- Provided material
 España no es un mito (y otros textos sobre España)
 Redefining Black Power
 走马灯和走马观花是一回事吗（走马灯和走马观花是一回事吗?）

- Directions for this task
Character for character, reproduce all of the lines above.

- Exercise output
 España no es un mito (y otros textos sobre España)
 Redefining Black Power
 走马灯和走马观花是一回事吗（走马灯和走马观花是一回事吗?）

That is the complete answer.